---------- DATASET EXTRACT ----------
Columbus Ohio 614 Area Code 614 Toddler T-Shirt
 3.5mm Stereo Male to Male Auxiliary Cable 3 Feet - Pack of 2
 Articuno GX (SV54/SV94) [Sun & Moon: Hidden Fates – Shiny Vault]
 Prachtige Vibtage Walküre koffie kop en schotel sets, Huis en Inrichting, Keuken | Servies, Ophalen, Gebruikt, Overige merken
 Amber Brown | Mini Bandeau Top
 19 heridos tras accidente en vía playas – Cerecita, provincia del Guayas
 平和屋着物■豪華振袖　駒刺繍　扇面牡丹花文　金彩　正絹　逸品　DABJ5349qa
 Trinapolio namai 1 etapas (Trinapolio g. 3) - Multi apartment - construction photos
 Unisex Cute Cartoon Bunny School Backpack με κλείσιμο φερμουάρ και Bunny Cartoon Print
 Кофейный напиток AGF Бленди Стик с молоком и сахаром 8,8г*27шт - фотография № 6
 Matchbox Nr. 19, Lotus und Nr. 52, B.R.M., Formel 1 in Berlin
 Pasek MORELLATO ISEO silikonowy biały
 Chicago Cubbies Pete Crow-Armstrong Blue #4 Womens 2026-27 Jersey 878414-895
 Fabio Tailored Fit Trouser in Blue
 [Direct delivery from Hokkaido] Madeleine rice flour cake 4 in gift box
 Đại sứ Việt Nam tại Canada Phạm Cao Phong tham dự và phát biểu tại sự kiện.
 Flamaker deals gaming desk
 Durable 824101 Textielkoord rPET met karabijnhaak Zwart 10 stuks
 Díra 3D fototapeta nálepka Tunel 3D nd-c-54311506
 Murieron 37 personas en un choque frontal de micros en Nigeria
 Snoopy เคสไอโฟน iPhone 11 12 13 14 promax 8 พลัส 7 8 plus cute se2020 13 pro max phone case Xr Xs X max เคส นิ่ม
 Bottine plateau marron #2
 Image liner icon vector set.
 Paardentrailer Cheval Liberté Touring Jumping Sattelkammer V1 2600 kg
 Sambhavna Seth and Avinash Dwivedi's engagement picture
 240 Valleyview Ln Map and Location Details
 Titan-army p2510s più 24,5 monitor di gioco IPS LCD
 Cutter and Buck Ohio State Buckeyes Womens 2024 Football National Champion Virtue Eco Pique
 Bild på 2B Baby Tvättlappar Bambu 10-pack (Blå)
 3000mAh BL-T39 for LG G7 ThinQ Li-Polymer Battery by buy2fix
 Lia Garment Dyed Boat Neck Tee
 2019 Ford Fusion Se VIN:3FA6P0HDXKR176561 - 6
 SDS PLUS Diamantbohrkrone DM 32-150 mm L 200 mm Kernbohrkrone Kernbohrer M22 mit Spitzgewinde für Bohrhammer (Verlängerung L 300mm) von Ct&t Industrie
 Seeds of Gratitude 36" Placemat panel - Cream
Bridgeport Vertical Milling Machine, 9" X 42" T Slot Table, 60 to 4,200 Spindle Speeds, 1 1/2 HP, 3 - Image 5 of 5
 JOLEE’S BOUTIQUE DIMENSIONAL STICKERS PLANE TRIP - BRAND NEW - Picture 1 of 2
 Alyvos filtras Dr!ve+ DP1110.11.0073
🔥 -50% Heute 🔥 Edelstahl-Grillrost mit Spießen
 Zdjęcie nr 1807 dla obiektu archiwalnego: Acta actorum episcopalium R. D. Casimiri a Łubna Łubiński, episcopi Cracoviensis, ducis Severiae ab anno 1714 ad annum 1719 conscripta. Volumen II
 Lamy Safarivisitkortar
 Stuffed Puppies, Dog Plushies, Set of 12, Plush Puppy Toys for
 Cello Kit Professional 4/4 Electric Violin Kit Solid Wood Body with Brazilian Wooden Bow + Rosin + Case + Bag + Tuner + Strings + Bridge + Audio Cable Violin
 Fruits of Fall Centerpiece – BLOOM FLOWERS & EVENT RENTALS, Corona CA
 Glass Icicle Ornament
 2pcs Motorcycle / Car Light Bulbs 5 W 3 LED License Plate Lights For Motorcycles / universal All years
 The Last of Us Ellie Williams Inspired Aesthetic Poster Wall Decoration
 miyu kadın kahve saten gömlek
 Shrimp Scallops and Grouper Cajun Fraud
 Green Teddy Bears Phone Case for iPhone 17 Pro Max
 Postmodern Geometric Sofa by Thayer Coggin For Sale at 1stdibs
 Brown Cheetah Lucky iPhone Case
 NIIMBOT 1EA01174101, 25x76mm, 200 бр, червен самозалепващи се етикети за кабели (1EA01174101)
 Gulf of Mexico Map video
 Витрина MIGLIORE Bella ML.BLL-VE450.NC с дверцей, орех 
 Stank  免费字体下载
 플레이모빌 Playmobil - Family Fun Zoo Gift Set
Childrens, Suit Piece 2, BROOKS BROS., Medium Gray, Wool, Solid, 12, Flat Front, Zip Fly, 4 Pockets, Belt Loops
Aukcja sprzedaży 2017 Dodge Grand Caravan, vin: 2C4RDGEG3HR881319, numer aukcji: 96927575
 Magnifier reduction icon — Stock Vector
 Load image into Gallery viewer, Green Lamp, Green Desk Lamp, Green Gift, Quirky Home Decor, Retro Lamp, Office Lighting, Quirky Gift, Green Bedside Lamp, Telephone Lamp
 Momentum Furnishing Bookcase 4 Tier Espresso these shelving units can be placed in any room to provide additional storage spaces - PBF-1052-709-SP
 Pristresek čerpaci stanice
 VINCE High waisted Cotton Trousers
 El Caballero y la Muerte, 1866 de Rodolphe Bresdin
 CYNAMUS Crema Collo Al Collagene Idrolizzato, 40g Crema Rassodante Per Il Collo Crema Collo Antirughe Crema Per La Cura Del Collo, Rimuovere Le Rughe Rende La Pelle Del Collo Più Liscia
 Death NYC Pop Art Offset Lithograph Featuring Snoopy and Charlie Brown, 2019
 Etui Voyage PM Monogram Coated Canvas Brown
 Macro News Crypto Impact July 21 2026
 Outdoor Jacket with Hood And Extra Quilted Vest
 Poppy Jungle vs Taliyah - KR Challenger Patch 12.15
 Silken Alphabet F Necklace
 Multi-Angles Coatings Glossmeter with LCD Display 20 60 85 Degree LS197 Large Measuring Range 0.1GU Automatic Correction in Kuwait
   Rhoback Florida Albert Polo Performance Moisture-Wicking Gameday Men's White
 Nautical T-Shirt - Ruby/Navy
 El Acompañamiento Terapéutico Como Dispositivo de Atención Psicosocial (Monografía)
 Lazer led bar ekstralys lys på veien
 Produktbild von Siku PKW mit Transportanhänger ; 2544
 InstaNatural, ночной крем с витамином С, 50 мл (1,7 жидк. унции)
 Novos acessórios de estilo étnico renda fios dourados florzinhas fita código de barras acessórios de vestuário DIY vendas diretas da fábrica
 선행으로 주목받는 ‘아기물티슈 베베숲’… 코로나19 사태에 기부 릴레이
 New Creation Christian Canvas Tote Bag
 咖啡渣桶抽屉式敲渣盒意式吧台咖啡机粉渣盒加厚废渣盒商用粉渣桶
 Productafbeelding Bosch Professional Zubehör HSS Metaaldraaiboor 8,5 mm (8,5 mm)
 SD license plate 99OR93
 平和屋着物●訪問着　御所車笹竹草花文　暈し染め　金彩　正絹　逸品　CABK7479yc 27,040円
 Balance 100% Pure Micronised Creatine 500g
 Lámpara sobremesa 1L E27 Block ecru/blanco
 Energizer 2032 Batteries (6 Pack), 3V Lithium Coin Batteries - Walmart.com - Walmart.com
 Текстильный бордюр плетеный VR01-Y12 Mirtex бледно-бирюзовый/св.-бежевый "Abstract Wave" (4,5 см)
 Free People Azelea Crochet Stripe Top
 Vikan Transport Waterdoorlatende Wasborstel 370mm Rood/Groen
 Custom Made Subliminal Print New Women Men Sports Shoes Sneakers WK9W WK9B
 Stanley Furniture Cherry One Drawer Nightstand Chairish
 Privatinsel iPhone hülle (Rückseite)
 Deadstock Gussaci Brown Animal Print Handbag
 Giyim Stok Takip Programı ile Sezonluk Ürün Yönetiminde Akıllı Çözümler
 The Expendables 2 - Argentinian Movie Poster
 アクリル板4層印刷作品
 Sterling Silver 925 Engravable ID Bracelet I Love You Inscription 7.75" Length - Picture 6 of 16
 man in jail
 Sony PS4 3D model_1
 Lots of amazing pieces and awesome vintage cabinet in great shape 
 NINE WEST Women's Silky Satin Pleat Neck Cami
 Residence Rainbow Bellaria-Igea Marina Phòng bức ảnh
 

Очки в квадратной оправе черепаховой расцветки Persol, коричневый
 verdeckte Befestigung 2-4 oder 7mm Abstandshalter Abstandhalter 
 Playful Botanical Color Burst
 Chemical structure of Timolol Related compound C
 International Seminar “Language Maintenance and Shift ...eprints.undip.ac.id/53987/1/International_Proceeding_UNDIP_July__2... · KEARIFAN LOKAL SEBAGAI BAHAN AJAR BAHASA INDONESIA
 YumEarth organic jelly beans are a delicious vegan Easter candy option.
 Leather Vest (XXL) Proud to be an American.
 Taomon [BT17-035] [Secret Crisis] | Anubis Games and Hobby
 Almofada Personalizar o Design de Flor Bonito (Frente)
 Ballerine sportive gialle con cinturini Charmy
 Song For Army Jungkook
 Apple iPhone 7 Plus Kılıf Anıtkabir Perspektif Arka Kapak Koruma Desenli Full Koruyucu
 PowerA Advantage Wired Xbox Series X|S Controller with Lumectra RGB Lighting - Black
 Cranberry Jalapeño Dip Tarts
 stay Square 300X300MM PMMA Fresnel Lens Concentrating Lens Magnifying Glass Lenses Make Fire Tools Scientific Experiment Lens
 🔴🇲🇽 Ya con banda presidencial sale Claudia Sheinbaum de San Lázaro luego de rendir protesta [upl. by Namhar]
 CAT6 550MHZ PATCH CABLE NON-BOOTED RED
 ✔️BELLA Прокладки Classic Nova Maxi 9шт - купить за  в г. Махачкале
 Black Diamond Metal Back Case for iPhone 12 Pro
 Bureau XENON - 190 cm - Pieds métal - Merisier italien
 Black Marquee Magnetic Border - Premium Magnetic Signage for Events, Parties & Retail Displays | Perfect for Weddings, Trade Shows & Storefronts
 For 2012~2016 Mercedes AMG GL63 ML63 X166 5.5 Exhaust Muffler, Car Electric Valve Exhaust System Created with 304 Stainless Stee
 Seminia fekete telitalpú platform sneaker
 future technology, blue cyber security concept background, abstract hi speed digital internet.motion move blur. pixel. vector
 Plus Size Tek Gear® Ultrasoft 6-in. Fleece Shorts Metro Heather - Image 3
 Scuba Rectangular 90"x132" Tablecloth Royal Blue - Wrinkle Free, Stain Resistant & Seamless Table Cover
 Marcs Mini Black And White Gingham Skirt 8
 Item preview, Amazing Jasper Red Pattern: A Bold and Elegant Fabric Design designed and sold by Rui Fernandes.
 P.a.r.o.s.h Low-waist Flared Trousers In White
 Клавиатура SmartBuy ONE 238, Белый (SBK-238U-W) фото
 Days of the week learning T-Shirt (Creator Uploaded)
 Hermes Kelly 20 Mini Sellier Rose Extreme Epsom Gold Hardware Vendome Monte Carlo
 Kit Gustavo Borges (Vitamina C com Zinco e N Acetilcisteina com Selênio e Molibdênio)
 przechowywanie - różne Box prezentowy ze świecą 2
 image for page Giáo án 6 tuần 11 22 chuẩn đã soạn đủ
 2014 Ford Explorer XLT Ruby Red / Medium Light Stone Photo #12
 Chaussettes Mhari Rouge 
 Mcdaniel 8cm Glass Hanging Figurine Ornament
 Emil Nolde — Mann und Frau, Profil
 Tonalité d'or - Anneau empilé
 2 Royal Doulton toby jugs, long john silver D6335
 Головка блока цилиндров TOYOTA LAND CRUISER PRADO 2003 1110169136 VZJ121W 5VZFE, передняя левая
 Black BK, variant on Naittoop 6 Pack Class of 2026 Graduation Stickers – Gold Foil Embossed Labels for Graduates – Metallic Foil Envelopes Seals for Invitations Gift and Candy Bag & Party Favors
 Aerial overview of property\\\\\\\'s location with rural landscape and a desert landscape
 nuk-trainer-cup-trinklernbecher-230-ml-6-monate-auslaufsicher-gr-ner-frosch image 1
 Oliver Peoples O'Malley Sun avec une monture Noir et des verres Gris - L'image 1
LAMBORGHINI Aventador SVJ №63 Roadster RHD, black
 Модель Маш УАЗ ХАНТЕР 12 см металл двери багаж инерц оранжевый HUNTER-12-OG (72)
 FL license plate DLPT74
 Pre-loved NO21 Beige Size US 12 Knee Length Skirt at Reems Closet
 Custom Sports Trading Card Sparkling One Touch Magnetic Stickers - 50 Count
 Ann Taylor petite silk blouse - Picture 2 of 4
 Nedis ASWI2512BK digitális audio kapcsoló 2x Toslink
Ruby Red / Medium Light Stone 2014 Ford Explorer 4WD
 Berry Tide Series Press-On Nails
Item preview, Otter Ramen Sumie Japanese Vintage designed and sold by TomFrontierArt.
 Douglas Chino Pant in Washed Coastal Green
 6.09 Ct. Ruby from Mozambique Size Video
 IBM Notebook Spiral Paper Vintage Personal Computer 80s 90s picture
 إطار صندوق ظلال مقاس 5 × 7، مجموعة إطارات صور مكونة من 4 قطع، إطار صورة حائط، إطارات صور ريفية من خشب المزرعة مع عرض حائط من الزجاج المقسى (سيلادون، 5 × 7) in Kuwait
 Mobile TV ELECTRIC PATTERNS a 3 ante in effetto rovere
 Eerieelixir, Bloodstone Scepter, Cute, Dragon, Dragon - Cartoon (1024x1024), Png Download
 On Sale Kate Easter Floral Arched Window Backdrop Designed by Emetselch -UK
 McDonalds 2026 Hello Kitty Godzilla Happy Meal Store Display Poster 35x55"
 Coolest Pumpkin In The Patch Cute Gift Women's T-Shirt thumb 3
----------
PROMPT
Looking over the records, find each line with the word "Length" and copy it.

ANSWER SPACE
 Sterling Silver 925 Engravable ID Bracelet I Love You Inscription 7.75" Length - Picture 6 of 16
 Pre-loved NO21 Beige Size US 12 Knee Length Skirt at Reems Closet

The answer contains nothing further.